Implement PostgreSQL Pool connection in Rust

31/03/2022

Tech

Tous les articles

Sommaire

At Craft AI, we build a new product so data scientists can code and push, quickly and easily, in production, their machine learning algorithms. Our purpose is to make life easier for data scientists, for example, we handle data storage in a nice way so data scientists do not have to bother with saving and loading data from a database.

For this purpose, we use a PostgreSQL client written in Rust. Since we have a runtime with Tokio, the Deadpool-postgres crate was chosen.

As the scaling capability of our product is a central question we wanted to use a pool instead of using one connection at a time.

We wrote this article describing the first steps for implementing Postgresql pool connection in Rust with the Tokio Runtime. There might still be room for improvement but to the best of our knowledge, this is the only article that shows an example with Json and Uuid columns, with transactions with a retry mechanism.

That’s why we share this article. 

Furthermore, we welcome any reviews on this article. That would be a great opportunity for us to improve it.

Requirements: 
  • To be fairly comfortable with Rust and its new paradigms such as: Ownership, Borrowchecker, Lifetime. (>= v1.56.0)
  • To already have a basic experience with the Tokio Runtime. (>= v1.12.0)
  • To have basic knowledge of PostgreSQL. (>= v9)

Setting up Pool, connection and runtime

Let’s start with the installation of the required crates:

[dependencies]
deadpool-postgres = "0.9.0" 
postgres = "0.19.1" 
tokio = { version = "1.12.0", features = ["rt", "rt-multi-thread", "macros"] }

Deadpool-postgres is needed for the pool connection. Obviously postgres is required too and we also need the tokio runtime.

The first step is to establish the connection to the database.
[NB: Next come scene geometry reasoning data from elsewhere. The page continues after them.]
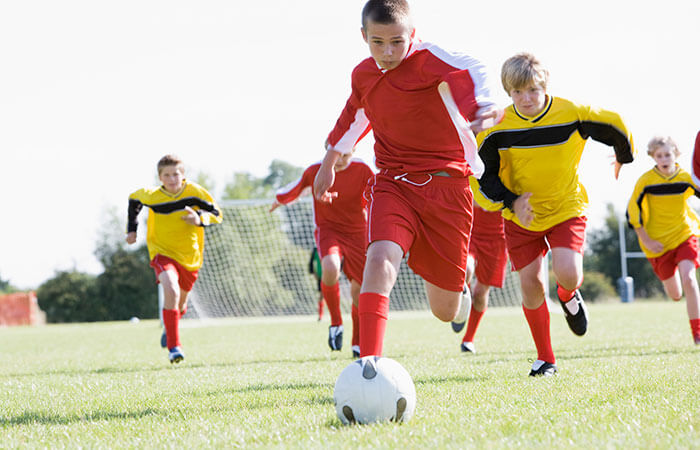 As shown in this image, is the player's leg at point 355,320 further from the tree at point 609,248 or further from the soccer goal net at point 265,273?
the tree at point 609,248

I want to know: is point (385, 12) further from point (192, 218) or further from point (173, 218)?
point (173, 218)

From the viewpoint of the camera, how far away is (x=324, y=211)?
7.94 meters

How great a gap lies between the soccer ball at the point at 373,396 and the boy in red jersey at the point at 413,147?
0.64 meters

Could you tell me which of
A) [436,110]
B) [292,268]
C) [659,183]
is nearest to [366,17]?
[436,110]

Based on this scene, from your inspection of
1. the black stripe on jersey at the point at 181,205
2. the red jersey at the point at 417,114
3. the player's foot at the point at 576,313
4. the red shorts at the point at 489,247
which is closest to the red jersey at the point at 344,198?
the black stripe on jersey at the point at 181,205

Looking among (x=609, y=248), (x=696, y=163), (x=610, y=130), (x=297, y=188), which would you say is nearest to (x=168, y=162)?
(x=297, y=188)

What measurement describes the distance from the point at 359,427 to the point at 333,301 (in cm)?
487

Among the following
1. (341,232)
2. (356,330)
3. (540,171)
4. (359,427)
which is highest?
(540,171)

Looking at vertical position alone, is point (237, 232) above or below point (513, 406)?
below

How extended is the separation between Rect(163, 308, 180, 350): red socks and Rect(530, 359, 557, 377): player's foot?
373 cm

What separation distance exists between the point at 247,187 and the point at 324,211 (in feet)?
175

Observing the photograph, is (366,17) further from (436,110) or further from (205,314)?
(205,314)

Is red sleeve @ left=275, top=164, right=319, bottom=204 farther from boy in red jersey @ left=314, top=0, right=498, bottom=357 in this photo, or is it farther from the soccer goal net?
the soccer goal net

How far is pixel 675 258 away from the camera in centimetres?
761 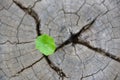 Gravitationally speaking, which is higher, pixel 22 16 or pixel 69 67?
pixel 22 16

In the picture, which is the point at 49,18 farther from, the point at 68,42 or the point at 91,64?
the point at 91,64

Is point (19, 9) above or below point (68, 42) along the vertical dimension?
above

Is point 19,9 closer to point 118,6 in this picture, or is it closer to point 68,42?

For this purpose we need to retrieve database configuration:

use deadpool_postgres::{ManagerConfig, RecyclingMethod};
// Helper function to read environment variable with a default value if
// the environment variable is not set.
use super::super::shared::env::env_parse;

fn get_db_config() -> deadpool_postgres::Config {
    let mut config = deadpool_postgres::Config::new();
    config.user = Some(env_parse("DB_USER", "postgres".into()));
    config.password = Some(env_parse("DB_PASSWORD", "password".into()));
    config.dbname = Some(env_parse("DB_NAME", "postgres".into()));
    config.host = Some(env_parse("DB_HOSTNAME", "172.17.0.2".into()));

    config.manager =
       Some(ManagerConfig { recycling_method: RecyclingMethod::Fast });

    config
}

And then create the Pool connection client:

use deadpool_postgres::Pool;
use postgres::NoTls;
pub fn create_pool() -> Result<Pool, String> {
    Ok(get_db_config().create_pool(NoTls).map_err(|err| err.to_string())?)
}

And finally the service with Tokio runtime and a messaging manager (Kafka for instance but it could also be RabbitMQ), where each message received through Kafka is handled in an asynchronous task.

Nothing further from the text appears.